Bug description
Bug description
In Superset 6.1.0, the new streaming CSV export pipeline introduced by #35478 ("feat(streaming): Streaming CSV uploads for over 100k records for constant memory usage") bypasses Superset's standard query-preparation pipeline. This produces two distinct regressions, both reproducible against Trino.
Bug 1 — CSV exports crash on Trino with __STREAM_ERROR__
The streaming path in superset/commands/streaming_export/base.py::_execute_query_and_stream sends raw chart SQL directly to engine.execute(text(sql)) without running it through database.mutate_sql_based_on_config() first. The SQL Superset generates for a chart ends with a LIMIT N; line — and Trino's HTTP statement endpoint rejects trailing semicolons as mismatched input ';'. Expecting: <EOF>.
Because the streaming response has already flushed headers by the time the exception fires, Flask cannot change the status code. The generator instead writes the sentinel string __STREAM_ERROR__: Export failed. Please try again in some time. (63 bytes) into the response body and closes the stream. The user receives an HTTP 200 with that text inside what should have been their CSV file. The frontend has no way to distinguish this from a successful download.
Bug 2 — User impersonation is bypassed
On databases configured with impersonate_user: true (Trino, Presto, etc.), every other Superset execution site acquires the engine via database.get_sqla_engine_with_context(user_name=…) so the end user's identity is forwarded as the X-Trino-User header. The streaming export path acquires its engine without this context and runs every query as the service principal.
Consequences:
- Audit trail broken — every CSV export, from every user, shows up in the Trino query log as the service account.
- Resource-group routing broken — exports no longer route to the user's configured Trino resource group.
- Possible authorization bypass — engines that key per-user authz off
X-Trino-User (Ranger, OPA, file-based ACLs, row/column-level security via session-aware views) will see the service account on the streaming path. A Superset user may be able to export data via "Download CSV" that they are not permitted to read via SQL Lab.
Bug 1 is the visible crash. Bug 2 is independently reproducible — even with bug 1 patched, every CSV in the Trino query log is misattributed.
The non-streaming export paths (Excel export, SQL Lab, /api/v1/chart/data JSON renders) are unaffected because they go through the proper pipeline.
How to reproduce the bug
- Connect Superset 6.1.0 to a Trino cluster with
impersonate_user: true.
- Create a dashboard tile or standalone chart backed by a Trino dataset.

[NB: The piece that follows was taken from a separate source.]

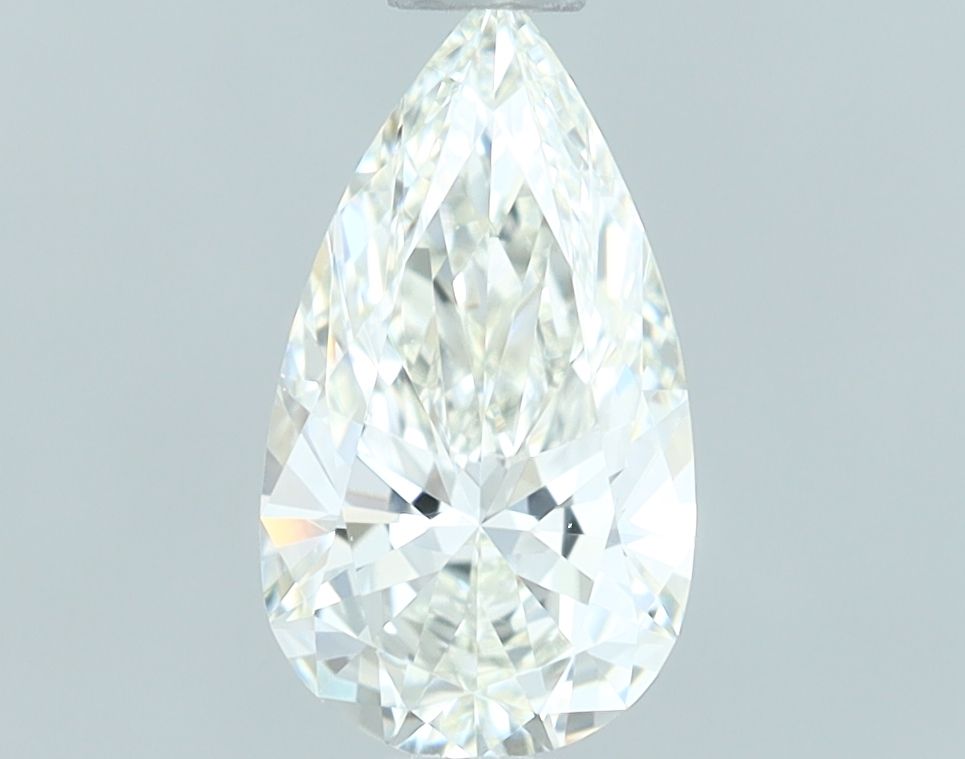 Diamond Natural 0,52Ct H-IF Pear - IGI706509121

- As any logged-in OAuth user (not the service principal), click
… → Download → Export to CSV.
- Open the downloaded file.
- Open the Trino UI / query history and locate the corresponding query.
Expected
- The CSV contains the chart's data.
- The Trino query record shows
User: <logged-in user>, the user's normal resource group, and the database's default schema.
Actual
- The downloaded file is 63 bytes and contains only:
__STREAM_ERROR__: Export failed. Please try again in some time.
- The Trino query record shows:
Error Type: USER_ERROR
Error Code: SYNTAX_ERROR (1)
Message: line N:13: mismatched input ';'. Expecting: <EOF>
User: <service principal> (not the end user)
Resource Group: n/a
Schema: <empty>
Performing the same action with Export to Excel instead of Export to CSV works correctly and shows the end user, the right resource group, the default schema, and a sqlglot-reformatted SQL body.
Side-by-side evidence
Same chart, same user, two consecutive export attempts seconds apart.
Failing CSV export — streaming path
User: superset
Principal: superset
Source: Apache Superset
Catalog: my_catalog
Schema: (empty)
Resource Group: n/a
Status: USER_ERROR / SYNTAX_ERROR
SQL (last line): LIMIT 500000;
SQL form: raw, lowercase keywords, DATE '2026-05-20'
Succeeding Excel export — non-streaming path
User: analyst@example.com <-- end user via X-Trino-User
Principal: superset
Source: Apache Superset
Catalog: my_catalog
Schema: my_schema
Resource Group: analysts
Status: FINISHED
SQL (last line): LIMIT 500000
SQL form: uppercased keywords, CAST('2026-05-20' AS DATE)
Both SQL strings are derived from the same chart definition. The differences (trailing ;, missing sqlglot reformat, missing schema context, missing user impersonation) are all consequences of the streaming path skipping mutate_sql_based_on_config() and get_sqla_engine_with_context(user_name=…).
Minimal SQL illustrating the difference
What the streaming CSV path sends to Trino (fails):
SELECT category AS category, region AS region, sum(amount) AS "SUM(amount)"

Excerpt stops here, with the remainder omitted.